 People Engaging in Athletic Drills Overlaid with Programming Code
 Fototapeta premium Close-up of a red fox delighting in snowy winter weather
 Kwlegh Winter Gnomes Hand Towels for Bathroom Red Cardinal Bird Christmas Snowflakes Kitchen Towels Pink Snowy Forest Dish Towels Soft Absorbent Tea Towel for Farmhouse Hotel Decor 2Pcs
* * *
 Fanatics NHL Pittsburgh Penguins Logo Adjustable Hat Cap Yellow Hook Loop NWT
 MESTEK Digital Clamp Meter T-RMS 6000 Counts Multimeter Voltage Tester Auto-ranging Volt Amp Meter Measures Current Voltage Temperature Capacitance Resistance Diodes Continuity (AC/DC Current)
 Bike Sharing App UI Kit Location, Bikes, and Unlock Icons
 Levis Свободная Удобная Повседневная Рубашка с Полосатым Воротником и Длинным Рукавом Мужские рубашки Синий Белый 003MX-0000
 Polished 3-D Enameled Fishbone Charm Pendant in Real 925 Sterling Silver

> [About this task]: All lines above from the line with "People Engaging in" through the line with "Kwlegh Winter Gnomes", both included, are to be set down exactly, with nothing else.

> [Expected answer]:
 People Engaging in Athletic Drills Overlaid with Programming Code
 Fototapeta premium Close-up of a red fox delighting in snowy winter weather
 Kwlegh Winter Gnomes Hand Towels for Bathroom Red Cardinal Bird Christmas Snowflakes Kitchen Towels Pink Snowy Forest Dish Towels Soft Absorbent Tea Towel for Farmhouse Hotel Decor 2Pcs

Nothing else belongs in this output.